House of Representatives (DPR) speaker Marzuki Alie has expressed similar concerns, telling local media, "BIN can use the power to target certain people it hates." Tubagus Hasanudin, deputy chief of the DPR's defense commission, has proposed a monthly meeting between BIN and legislators to review wiretapping results and ensure that surveillance technology has been used only for its agreed upon purpose.

Critics note that the intelligence bill also lacks provisions prohibiting BIN from supporting political parties or becoming directly involved in politics. Spies playing politics was common practice during the Suharto era, when several loyal BIN agents rose to the rank of minister, and has continued through the country's post-Suharto transition to democracy.

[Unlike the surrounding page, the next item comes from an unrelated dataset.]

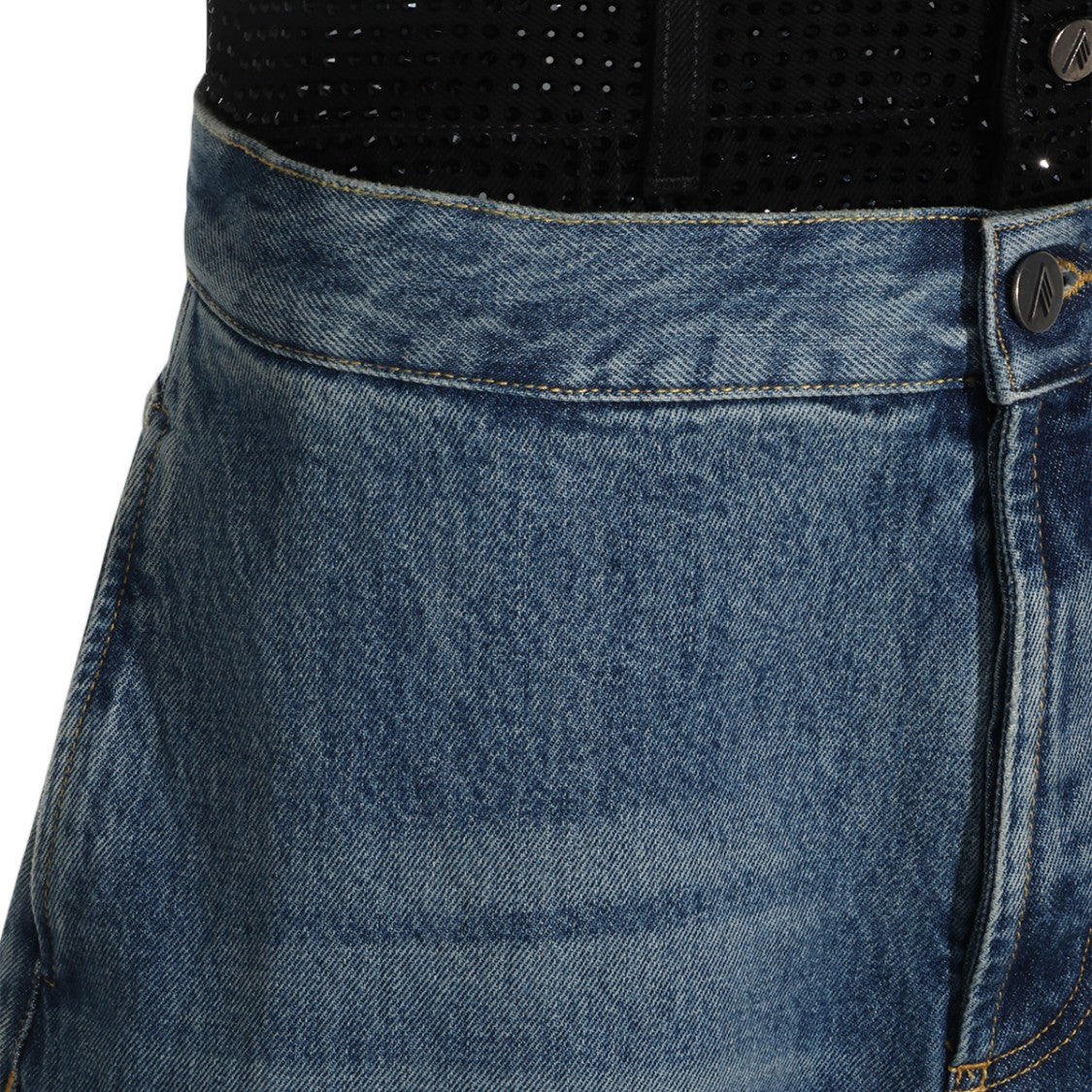 The Attico High-Waisted Cropped Jeans With Wide Waistband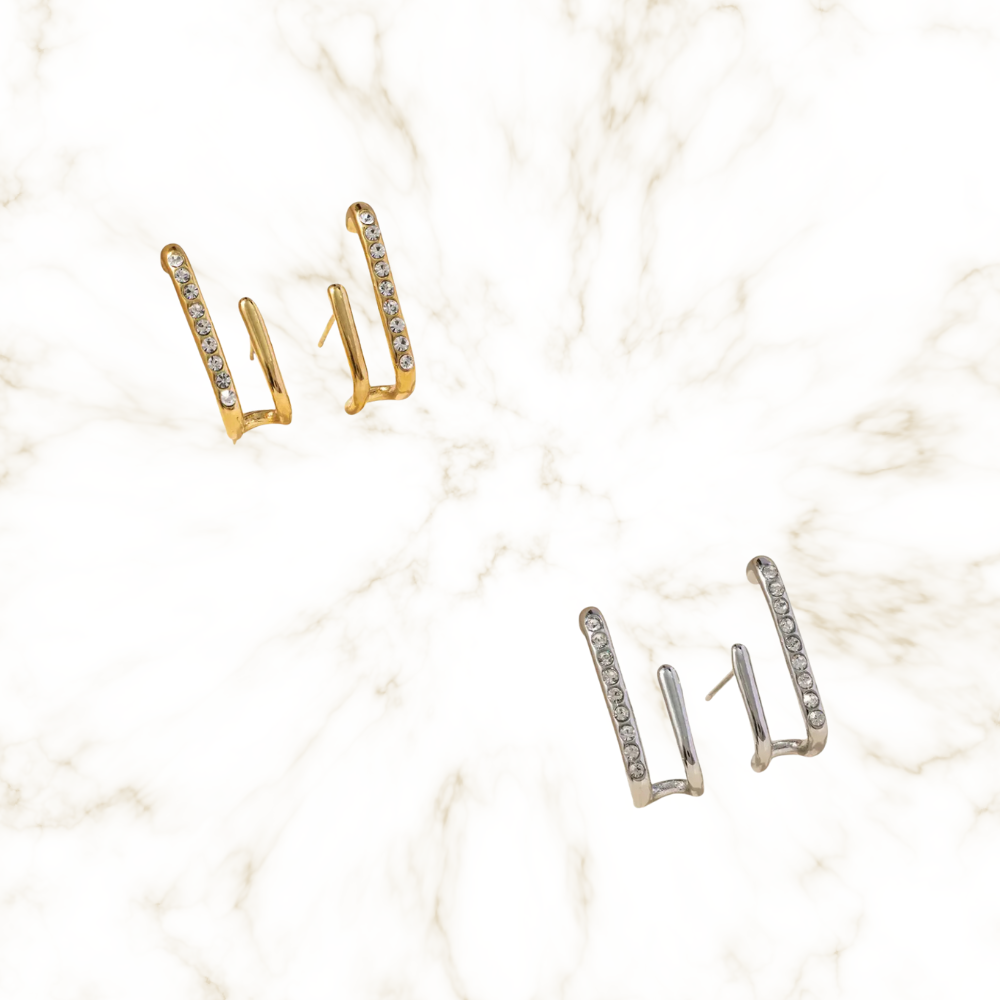 Orecchini dorati con cristalli lineari – Orecchini Vega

For example, in 2004 then BIN chief A M Hendropriyono was openly involved in the re-election campaign of then president Megawati Sukarnoputri and her PDI-P party candidates. Current BIN head Sutanto is a known close friend to Yudhoyono dating to their days as cadets at the Armed Forces Academy. Then as a member of the police force, he openly supported Yudhoyono's re-election campaign in 2009.

Given BIN's current obligation to report only to the president and not to parliament, it's impossible to separate BIN from politics, said Widjajanto. Indeed, there is widespread speculation that the long delays in passing the intelligence bill is due in part to a lack of political will at the top. But without greater regulation and scrutiny over BIN's activities, nobody can be sure if that is the case.